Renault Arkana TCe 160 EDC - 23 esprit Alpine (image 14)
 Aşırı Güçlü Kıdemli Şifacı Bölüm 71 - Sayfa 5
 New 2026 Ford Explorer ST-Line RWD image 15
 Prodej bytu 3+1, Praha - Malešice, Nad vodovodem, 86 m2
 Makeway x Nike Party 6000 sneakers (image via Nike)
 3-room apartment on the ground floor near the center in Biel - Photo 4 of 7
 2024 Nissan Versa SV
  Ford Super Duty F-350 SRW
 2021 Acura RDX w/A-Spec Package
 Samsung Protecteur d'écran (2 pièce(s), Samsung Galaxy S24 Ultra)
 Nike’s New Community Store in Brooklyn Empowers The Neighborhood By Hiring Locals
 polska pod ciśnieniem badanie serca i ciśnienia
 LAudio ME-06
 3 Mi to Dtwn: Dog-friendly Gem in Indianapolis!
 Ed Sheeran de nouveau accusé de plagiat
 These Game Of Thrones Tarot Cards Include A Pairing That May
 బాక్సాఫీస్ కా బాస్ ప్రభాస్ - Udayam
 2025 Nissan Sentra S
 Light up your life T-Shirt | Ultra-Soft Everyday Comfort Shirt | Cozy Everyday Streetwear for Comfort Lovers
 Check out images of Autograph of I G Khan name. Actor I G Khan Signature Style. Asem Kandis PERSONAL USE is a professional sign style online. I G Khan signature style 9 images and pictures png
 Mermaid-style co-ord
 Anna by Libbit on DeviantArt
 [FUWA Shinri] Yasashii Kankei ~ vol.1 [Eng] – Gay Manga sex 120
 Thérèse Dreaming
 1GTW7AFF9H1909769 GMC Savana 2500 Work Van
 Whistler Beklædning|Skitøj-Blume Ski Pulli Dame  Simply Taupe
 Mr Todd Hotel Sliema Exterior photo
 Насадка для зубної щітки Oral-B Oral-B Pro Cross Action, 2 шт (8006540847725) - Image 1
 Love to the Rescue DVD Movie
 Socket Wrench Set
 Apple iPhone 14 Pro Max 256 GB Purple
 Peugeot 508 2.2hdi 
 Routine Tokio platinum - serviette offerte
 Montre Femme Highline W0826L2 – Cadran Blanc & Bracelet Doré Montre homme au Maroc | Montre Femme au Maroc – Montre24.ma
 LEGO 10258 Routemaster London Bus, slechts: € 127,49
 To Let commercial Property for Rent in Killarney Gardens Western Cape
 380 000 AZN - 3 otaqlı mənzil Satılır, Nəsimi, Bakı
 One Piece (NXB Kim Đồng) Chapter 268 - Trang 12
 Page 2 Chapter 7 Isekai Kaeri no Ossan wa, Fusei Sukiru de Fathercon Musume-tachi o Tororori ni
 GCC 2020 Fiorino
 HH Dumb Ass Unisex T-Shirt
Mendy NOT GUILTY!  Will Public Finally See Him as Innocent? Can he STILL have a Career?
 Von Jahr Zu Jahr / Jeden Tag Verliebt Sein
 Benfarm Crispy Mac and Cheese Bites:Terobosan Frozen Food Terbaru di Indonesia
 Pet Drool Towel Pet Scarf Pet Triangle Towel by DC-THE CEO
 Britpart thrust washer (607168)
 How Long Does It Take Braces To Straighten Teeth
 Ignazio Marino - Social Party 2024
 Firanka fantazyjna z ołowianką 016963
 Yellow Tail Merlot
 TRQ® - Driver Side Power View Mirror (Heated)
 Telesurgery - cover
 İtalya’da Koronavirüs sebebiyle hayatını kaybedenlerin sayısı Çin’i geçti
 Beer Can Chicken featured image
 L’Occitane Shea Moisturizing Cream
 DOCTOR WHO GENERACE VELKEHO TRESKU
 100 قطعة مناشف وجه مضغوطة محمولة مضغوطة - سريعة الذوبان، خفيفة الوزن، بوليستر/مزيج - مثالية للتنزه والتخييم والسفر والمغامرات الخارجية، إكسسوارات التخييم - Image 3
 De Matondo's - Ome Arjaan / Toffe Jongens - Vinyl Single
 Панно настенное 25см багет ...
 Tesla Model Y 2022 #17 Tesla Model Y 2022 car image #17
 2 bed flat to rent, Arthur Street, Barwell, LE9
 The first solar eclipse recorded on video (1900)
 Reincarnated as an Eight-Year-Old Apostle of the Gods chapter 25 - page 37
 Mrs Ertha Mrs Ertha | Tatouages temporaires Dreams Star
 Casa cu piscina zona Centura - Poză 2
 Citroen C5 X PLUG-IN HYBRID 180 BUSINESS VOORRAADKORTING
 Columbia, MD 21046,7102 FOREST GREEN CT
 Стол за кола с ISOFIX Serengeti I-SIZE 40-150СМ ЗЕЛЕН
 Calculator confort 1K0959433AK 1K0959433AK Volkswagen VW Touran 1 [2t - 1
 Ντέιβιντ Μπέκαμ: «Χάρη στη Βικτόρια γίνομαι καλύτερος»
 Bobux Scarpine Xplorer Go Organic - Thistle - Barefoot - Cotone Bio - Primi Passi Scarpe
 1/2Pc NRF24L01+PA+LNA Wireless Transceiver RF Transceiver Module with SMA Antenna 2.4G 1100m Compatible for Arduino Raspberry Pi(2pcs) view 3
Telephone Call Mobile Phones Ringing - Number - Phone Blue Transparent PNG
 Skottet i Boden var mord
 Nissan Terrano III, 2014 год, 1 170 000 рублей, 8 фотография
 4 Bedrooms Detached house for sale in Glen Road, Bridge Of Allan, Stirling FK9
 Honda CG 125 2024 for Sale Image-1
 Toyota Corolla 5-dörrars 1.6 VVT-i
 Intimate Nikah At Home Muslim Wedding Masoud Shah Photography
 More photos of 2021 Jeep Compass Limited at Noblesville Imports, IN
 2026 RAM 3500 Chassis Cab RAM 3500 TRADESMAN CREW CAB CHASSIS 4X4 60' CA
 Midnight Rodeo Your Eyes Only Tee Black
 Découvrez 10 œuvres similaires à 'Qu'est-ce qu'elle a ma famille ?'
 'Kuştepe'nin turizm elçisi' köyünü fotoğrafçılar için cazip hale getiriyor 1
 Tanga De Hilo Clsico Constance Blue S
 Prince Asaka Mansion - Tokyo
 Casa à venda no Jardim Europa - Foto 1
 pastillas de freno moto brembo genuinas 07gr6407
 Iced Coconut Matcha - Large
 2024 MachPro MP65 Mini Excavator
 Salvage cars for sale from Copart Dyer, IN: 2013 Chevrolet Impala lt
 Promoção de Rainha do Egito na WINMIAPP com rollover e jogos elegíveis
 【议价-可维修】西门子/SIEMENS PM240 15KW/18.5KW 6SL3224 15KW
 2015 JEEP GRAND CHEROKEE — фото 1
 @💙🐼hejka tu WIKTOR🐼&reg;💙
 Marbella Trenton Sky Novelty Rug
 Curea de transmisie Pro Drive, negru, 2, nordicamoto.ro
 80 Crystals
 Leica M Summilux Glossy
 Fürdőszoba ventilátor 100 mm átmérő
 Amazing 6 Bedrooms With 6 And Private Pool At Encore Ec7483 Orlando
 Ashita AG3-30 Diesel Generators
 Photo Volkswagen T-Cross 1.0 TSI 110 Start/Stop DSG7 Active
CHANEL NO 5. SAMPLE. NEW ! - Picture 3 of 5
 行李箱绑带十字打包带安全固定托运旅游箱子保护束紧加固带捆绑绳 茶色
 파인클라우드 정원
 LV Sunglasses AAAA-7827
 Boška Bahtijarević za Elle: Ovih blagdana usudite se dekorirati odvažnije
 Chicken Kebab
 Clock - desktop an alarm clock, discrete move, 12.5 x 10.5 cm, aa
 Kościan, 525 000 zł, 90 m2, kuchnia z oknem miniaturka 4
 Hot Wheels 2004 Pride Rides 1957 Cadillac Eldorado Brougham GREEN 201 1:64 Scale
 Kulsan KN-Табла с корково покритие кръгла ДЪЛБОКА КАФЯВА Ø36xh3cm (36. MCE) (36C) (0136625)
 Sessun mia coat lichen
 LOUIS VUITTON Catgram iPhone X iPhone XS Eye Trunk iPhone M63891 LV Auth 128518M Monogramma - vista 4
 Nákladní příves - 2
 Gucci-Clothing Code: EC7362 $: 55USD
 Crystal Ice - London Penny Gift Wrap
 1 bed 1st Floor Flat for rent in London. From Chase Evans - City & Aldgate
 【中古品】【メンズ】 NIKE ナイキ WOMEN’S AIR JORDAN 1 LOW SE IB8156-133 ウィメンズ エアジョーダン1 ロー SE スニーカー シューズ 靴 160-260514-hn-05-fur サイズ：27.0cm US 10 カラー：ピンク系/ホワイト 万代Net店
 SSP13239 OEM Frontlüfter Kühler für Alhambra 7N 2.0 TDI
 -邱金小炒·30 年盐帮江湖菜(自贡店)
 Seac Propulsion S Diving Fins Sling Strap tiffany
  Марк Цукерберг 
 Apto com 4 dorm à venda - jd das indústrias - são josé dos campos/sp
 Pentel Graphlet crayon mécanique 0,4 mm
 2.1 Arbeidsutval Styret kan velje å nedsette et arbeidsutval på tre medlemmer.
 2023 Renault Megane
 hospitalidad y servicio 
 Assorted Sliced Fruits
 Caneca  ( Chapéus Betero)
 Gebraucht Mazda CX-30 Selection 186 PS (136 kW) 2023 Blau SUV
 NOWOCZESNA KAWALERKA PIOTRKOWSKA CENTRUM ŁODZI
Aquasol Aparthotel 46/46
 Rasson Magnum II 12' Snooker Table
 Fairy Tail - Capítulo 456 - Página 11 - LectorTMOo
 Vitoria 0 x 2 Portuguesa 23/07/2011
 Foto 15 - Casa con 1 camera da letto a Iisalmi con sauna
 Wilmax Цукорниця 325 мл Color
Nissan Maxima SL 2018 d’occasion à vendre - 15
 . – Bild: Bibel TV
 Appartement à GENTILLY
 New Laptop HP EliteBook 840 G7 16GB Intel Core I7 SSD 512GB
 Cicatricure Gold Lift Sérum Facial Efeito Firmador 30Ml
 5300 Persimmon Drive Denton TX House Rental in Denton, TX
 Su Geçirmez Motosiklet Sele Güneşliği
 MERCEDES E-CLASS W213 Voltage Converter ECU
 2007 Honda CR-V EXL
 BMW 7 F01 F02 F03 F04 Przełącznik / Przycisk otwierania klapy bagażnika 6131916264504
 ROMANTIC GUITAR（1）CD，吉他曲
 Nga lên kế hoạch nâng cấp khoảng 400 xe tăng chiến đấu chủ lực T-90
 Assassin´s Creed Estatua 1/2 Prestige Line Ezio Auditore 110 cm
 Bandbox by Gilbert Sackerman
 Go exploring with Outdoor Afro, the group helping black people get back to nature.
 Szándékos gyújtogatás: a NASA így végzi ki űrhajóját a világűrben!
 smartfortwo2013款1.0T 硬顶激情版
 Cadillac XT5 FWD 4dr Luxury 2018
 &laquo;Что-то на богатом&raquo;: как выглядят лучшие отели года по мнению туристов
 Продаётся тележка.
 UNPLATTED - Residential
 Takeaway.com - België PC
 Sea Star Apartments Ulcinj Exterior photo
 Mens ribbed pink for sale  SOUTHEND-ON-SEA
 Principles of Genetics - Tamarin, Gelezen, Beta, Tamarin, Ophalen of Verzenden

WORK INSTRUCTIONS → Starting at the line above that holds "Casa à venda no Jardim Europa - Foto 1" and ending at the line that holds "Kościan, 525 000", transcribe each line exactly and include no other lines.

OUTPUT FOR THIS TASK →
 Casa à venda no Jardim Europa - Foto 1
 pastillas de freno moto brembo genuinas 07gr6407
 Iced Coconut Matcha - Large
 2024 MachPro MP65 Mini Excavator
 Salvage cars for sale from Copart Dyer, IN: 2013 Chevrolet Impala lt
 Promoção de Rainha do Egito na WINMIAPP com rollover e jogos elegíveis
 【议价-可维修】西门子/SIEMENS PM240 15KW/18.5KW 6SL3224 15KW
 2015 JEEP GRAND CHEROKEE — фото 1
 @💙🐼hejka tu WIKTOR🐼&reg;💙
 Marbella Trenton Sky Novelty Rug
 Curea de transmisie Pro Drive, negru, 2, nordicamoto.ro
 80 Crystals
 Leica M Summilux Glossy
 Fürdőszoba ventilátor 100 mm átmérő
 Amazing 6 Bedrooms With 6 And Private Pool At Encore Ec7483 Orlando
 Ashita AG3-30 Diesel Generators
 Photo Volkswagen T-Cross 1.0 TSI 110 Start/Stop DSG7 Active
CHANEL NO 5. SAMPLE. NEW ! - Picture 3 of 5
 行李箱绑带十字打包带安全固定托运旅游箱子保护束紧加固带捆绑绳 茶色
 파인클라우드 정원
 LV Sunglasses AAAA-7827
 Boška Bahtijarević za Elle: Ovih blagdana usudite se dekorirati odvažnije
 Chicken Kebab
 Clock - desktop an alarm clock, discrete move, 12.5 x 10.5 cm, aa
 Kościan, 525 000 zł, 90 m2, kuchnia z oknem miniaturka 4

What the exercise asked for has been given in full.